======== DATA FOR THIS TASK

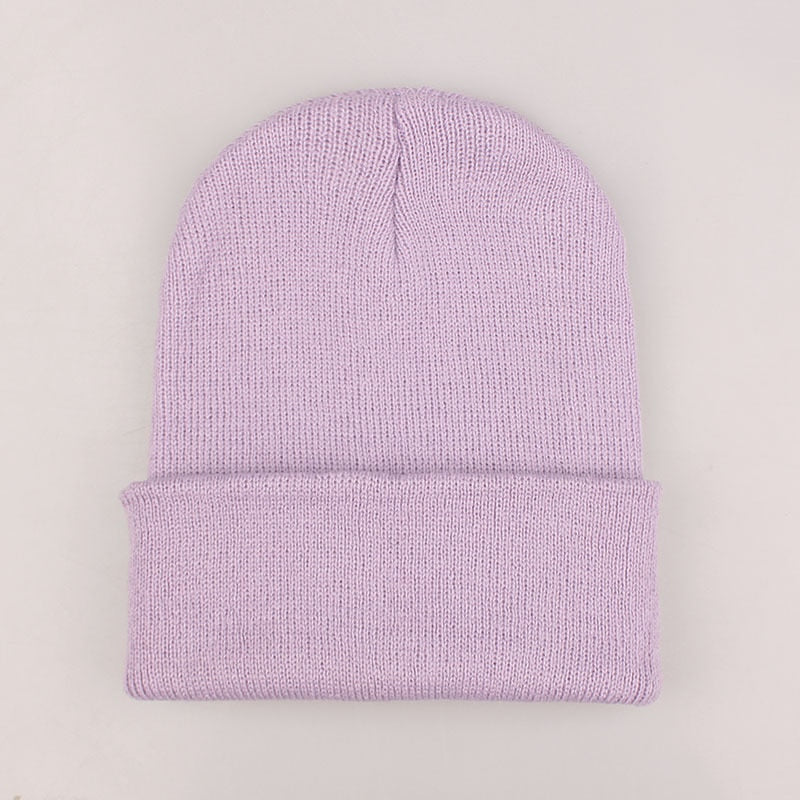 Bonnet d'hiver pour femme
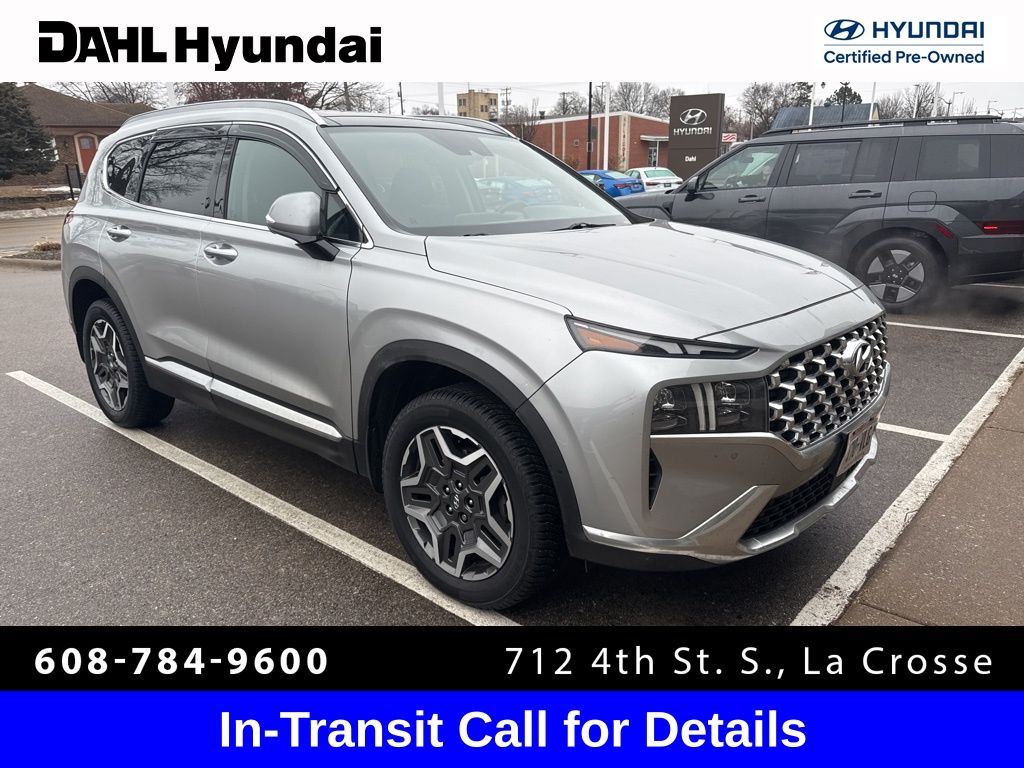 2021 Hyundai Santa Fe Limited's photo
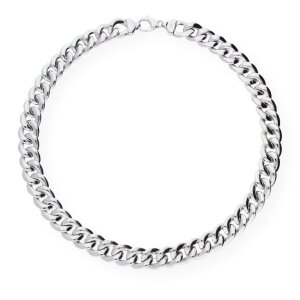JuwelmaLux Halskette 925/000 Sterling Silber JL15-05-0062...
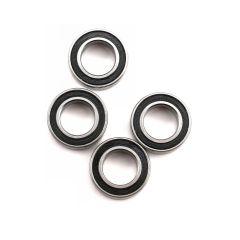 8x14x4 Rubber Sealed Ball Bearing (4) (LOSA6945)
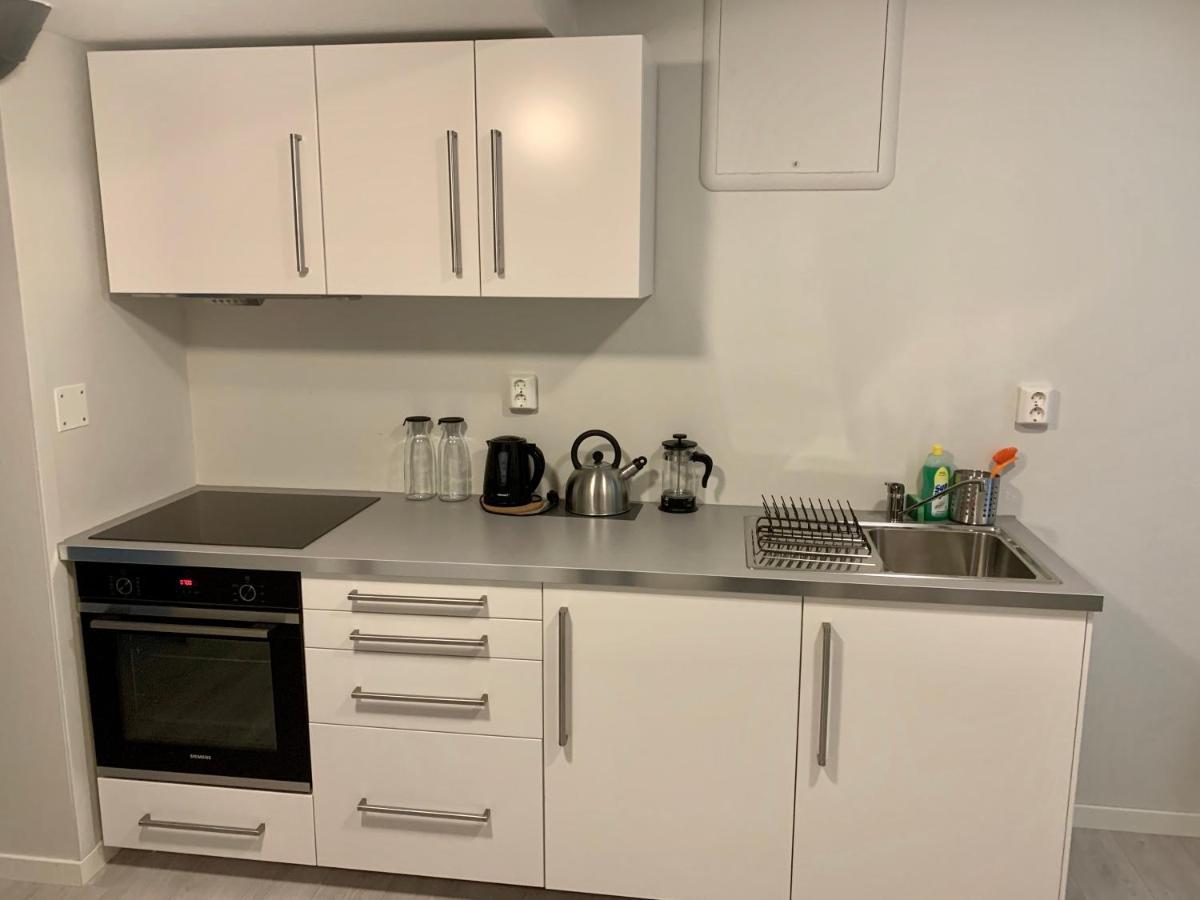 Bergen Budget Hostel Dış mekan fotoğraf
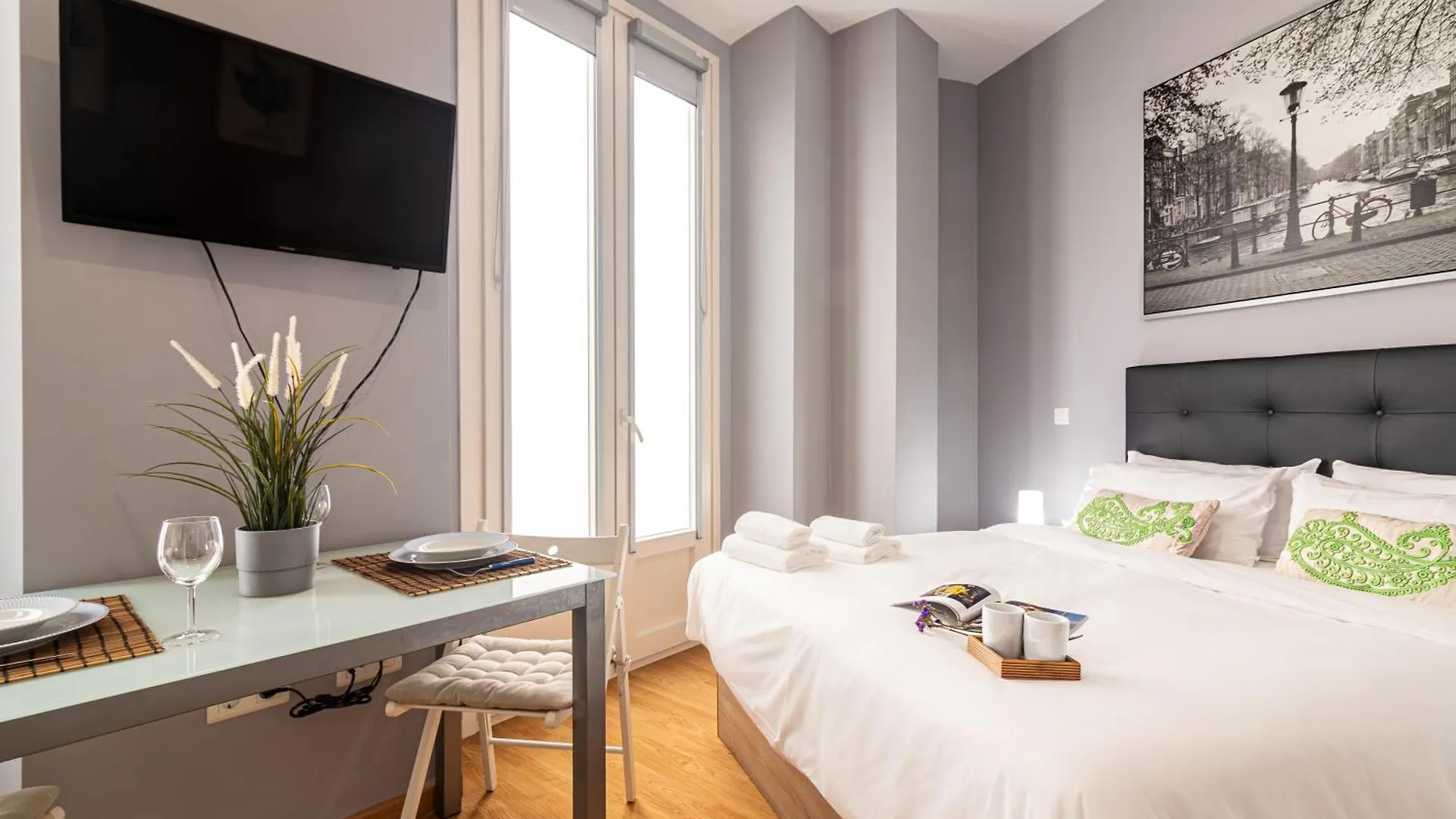 Capitan Freshapartments By Bossh! Apartments Malaga Spain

================

WHAT IS REQUIRED: Excluding pictures, copy exactly the lines from the line containing "JuwelmaLux Halskette 925/000" through the last line of the data, inclusive.

TASK OUTPUT:
JuwelmaLux Halskette 925/000 Sterling Silber JL15-05-0062...
 8x14x4 Rubber Sealed Ball Bearing (4) (LOSA6945)
 Bergen Budget Hostel Dış mekan fotoğraf
 Capitan Freshapartments By Bossh! Apartments Malaga Spain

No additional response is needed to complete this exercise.